Buğulu bir otobüs camından etrafı gözler gibi dünyanın gidişine ayak uyduruyoruz. Sadece şehirlerin, yolların ve evlerin yanından geçmedik; mutluluğun ,sahip olmanın, yaşamanın ve hatta ölümün bile yanından geçtik.
"Bir şeyi beklerken duyduğumuz haz, ona kavuşunca duyduğumuz hazdan çok daha fazladır."
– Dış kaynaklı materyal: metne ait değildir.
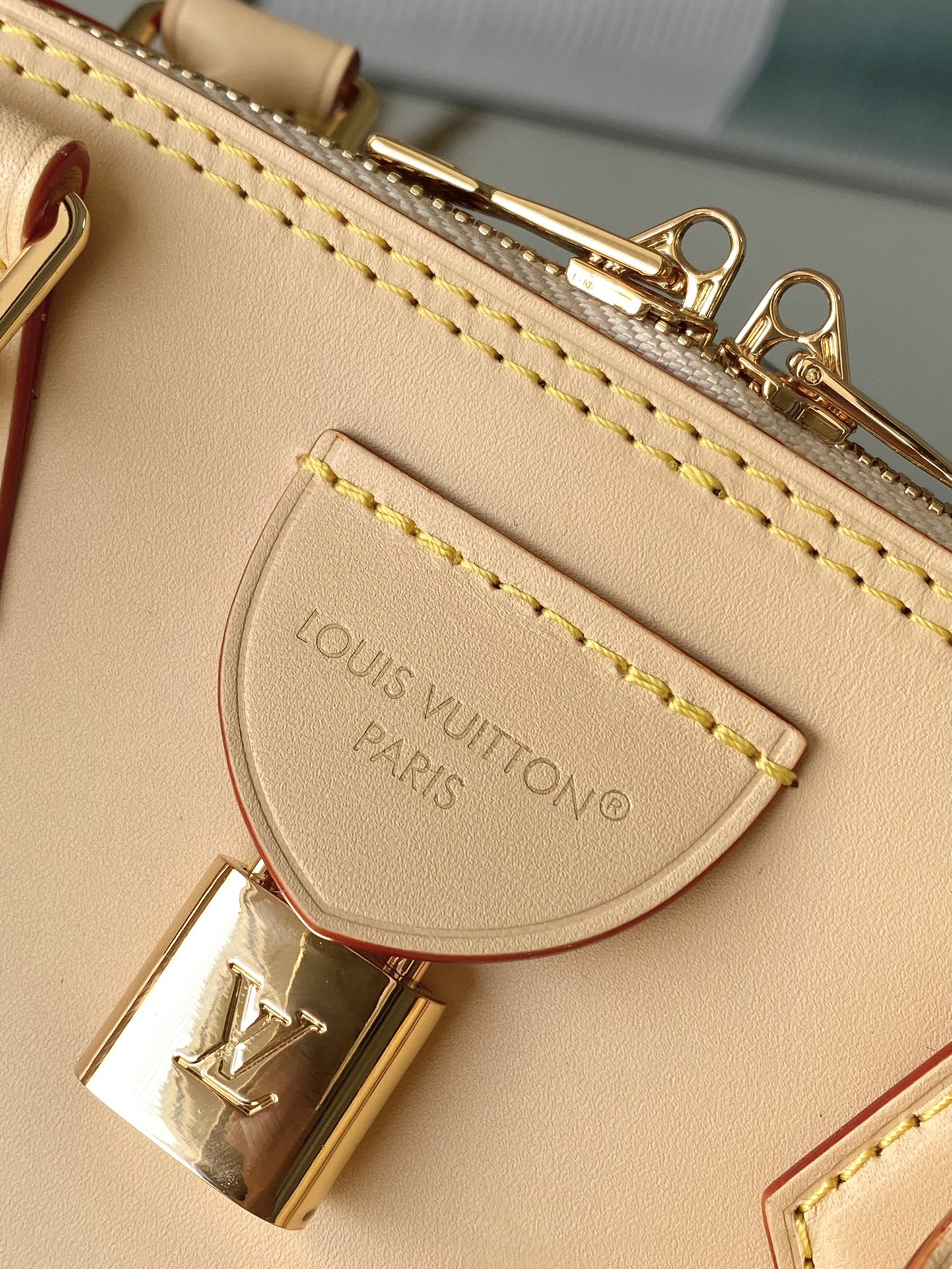 LV Style Beige Leather Top Handle Bag style reference detail image 6 from source 770249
Şeylere sahip olmanın bizi ruhsal olarak tatmin etmediğini fark ediyoruz. Maddi hazlar insanın içindeki o susuzluğu dindirmiyor. İnsanın kendi kendine kaldığı, Allah'la baş başa kaldığı anların lezzetini, maddi olan hiçbir şey tam manasıyla veremiyor
Geriye dönüp baktığınızda yaşamınızın günlük rutinlerini değil, zihninizde iz bırakan insanları ve anıları hatırlayacaksınız. Acizane okurlarımıza da hatıra biriktirmelerini tavsiye ederim. İnsanlarla yaşanmışlıkları olsun. Bu zamanda böyle insani ilişkiler kurmak mümkün değil diyebilirsiniz içinizden. Oysa mümkünler âleminde yaşıyoruz, neden mümkün olmasın, arayıp bulmak lazım. Eğer bu insanları bulamıyorsak o yaşanmışlıkların yazılmış güzel hatıraları var, o hatıraları bulmamız lazım. O hatıralarla beraber bir noktaya doğru gitmek lazım, çünkü her yaşanmışlık büyük bir tecrübedir. Bir insana temas etmek, hatıra biriktirmek hayatımızda izler bırakıyor. Aksi halde hayat rutinler ve alışkanlıklar çerçevesinde akıp gidiyor. Bu çemberi Allah'ın izniyle ve inayetiyle biraz kırsak ve onun dışına çıksak güzellikleri fark edeceğiz.
“Açılır bahtımız birgün, hemen battıkça batmaz ya!
Sebepler halk eder Hâlık, Kerem bâbın kapatmaz ya!
Benim Hakka münâcâtım değildir rızk için hâşa,
Hüdâ Rezzakı alemdir, rızıksız kul yaratmaz ya!”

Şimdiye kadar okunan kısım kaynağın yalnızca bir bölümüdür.